I haven’t played enough of Wobbledogs for my liking yet, which is to say I have spent hours trying very hard to make the most horrific dog monsters I can, and yet they still look too normal. You get a little room and a couple of basic dogs (rectangular, blue and pink) and then are let loose to go dog wild. These dogs lay eggs, and pupate several times over their lifetime, mutating more each time depending on what you’ve been feeding them. This takes time, but my advice is to experiment, because you are liberally rewarded with more things. Letting your dogs dig will often turn up seeds or toys to enrich their pen, for example. You can encourage or punish certain behavior – I regret praising one of my pups for howling – and milestones will see a new dog added to your pack.

Breeding horrible little gremlins, then, is a case of stuffing one full of chicken nuggets to see how small you can make it, and then cross-breeding it with the weird black and pink crocodile one with a big tail, which you got for telling off one of the others for biting. Then, in a simulated gene computer, you can pick what the offspring will look like, and continue crossbreeding, and then generate the fertilized egg via a cutscene featuring a huge dog statue.

Wobbledogs is science. But it’s fucking weird science. odd Glorious.


Who’s it by? glitch games
Where can I get it? Steam, itch
How much is it? £10/€10/$12

Waking up in a strange room, with no memory of where you are, how you got there, or even what your own name is, is an absolutely classic puzzle game opener. You might think it’d be a tired trope at this point, but no, I still like it, and Glitch Games have done a good version of it in Another Tomorrow. In this point and click adventure you start in a basement under a bridge, trek to a bar, rifle through a block of flats and a white rich boy mansionette… All towards a singular goal, which, in complete fairness, you can kind of see the shape of from quite early on.

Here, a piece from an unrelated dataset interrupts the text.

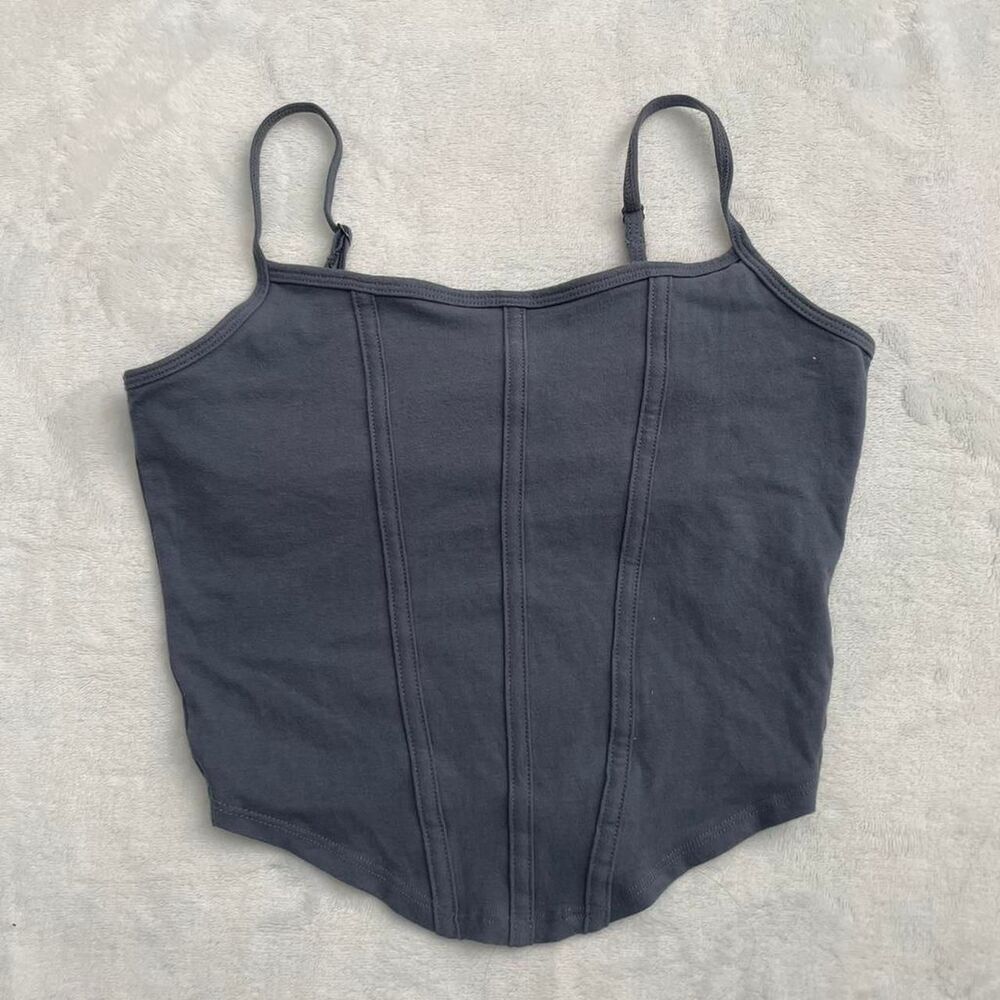 Hollister Corset Tank Top Women's XS Fitted Casual Going Out Party Blue Cropped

But your path is littered with strange and complex puzzles, a collection of locks, numbers, shapes, and clues that in many cases just tell you exactly what the solution is, but in such a direct way that it obfuscates the answer. You have to get into the right headspace for Another Tomorrow: aha, this is how this is going to work, is it? A lovely addition here is you’re given a camera, so you can take photos of the clues or puzzle solutions that are several rooms away from the thing they unlock and then look at them later. It’s unbending on the part of the devs that I really appreciate. There’s a robust and generous hint system, too, but I promise that if you devote the time required to figure things out on your own, it’s way more satisfying.


PS Because the last time I mentioned this people were very kindly concerned: RPS has agreed to keep me gainfully employed even when I’m in a different country, so you’ll still be subjected to my terrible takes.